CrowdStrike accepting the PwnieAwards for "most epic fail" at defcon
Reactions to accepting the PwnieAward
- Many see showing up and accepting the “most epic fail” award as the least-bad PR option: refusing would look evasive, attending allows public contrition and a reminder to staff.
- Others call it “tone deaf” and trivializing a catastrophe; they view it as laughing off a disaster that caused global disruption.
- Some note the acceptance speech came across as sober and self‑critical, not jokey; critics respond that context (a fun con talk, applause, trophy) makes it inappropriate regardless of tone.

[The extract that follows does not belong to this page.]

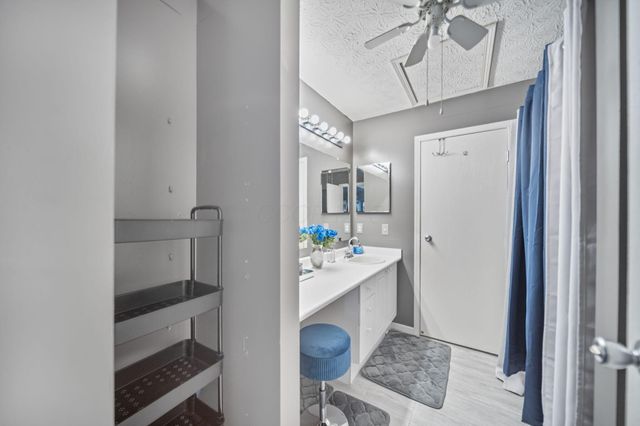 6772 Hamler Drive, 25B, Canal Winchester, OH 43110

Human impact and seriousness of the outage
- Commenters describe severe real‑world impact: grounded flights, hospital and ER disruptions, 911 outages, pharmacy issues, lost business and productivity.

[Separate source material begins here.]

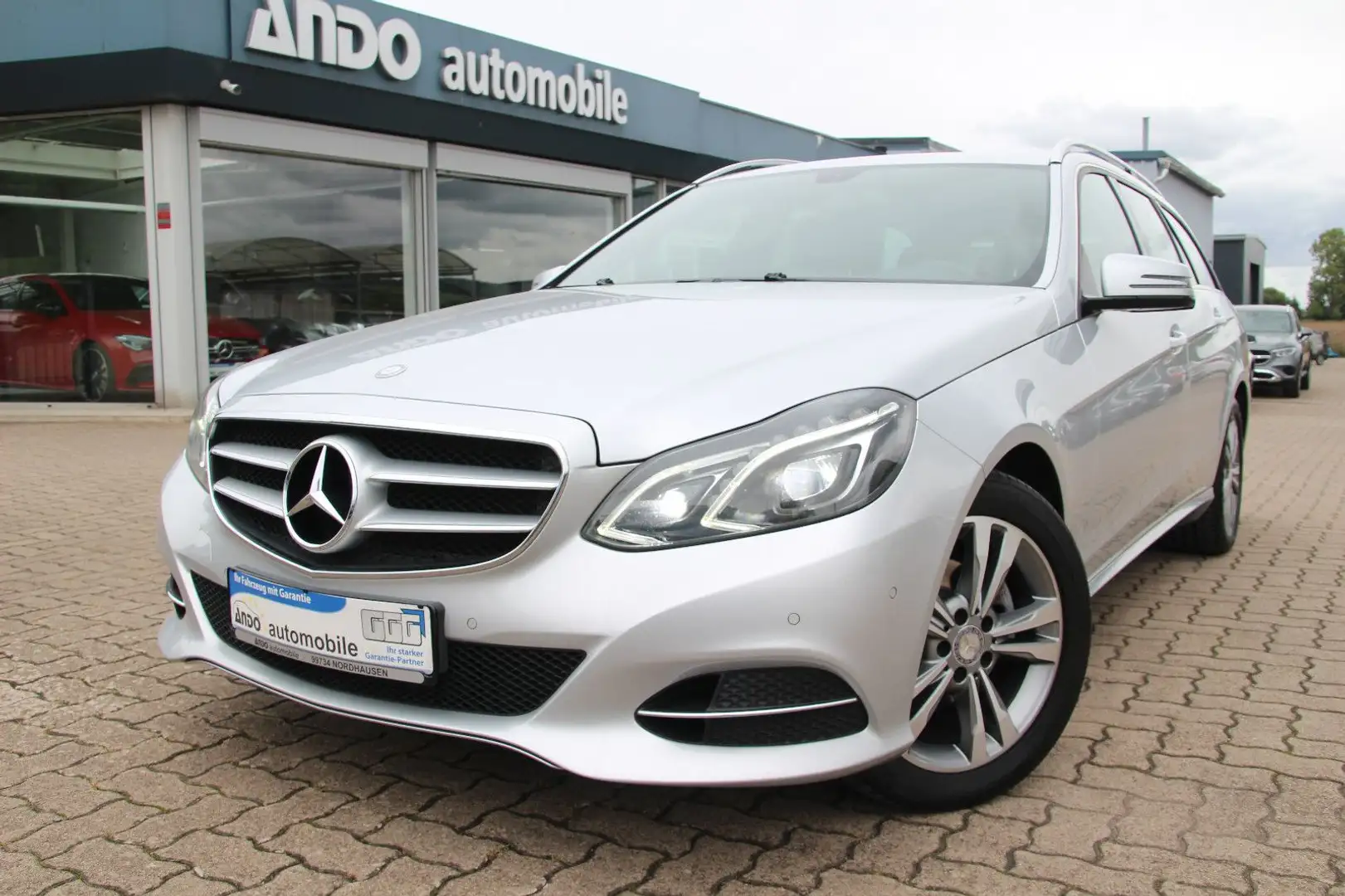 Mercedes-Benz E 220 d T BlueEfficiency LED/Navi/Teilleder/AHK Silber - 2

- Debate over deaths: some are “certain” people died indirectly (delayed care, emergency stress), others say no concrete evidence has surfaced and stress that hospitals have downtime procedures.
- Several note that even “just” elevated stress and missed life events (funerals, last goodbyes, surgeries) are serious harms.
Liability, lawsuits, and contracts
- Many ask why there are few visible lawsuits given claimed losses in the billions.
- CrowdStrike contracts reportedly cap liability to low millions; some argue that won’t withstand “gross negligence” claims, especially from insurers.
- Delta’s suit and CS’s public response are discussed: CS points to contractual caps, hints at aggressive discovery into Delta’s IT practices, and suggests Delta’s prolonged outage was partly its own fault.
- Some expect insurers and reinsurers to be the main drivers of any serious reckoning, e.g., by surcharging or refusing coverage when CS is in the stack.
Responsibility: CrowdStrike vs customers
- Strong consensus that CS’s process was egregious: an update that crashes essentially 100% of target Windows systems implies fundamental testing and rollout failures.
- Key detail: the “rapid response” update apparently bypassed customers’ usual staged rollout controls, leaving them unable to canary it.
- Others argue enterprises also bear blame for:
- Allowing a third‑party kernel driver to be a single point of failure on critical systems.
- Not designing fallback procedures and “analog” continuity plans robust enough for such outages.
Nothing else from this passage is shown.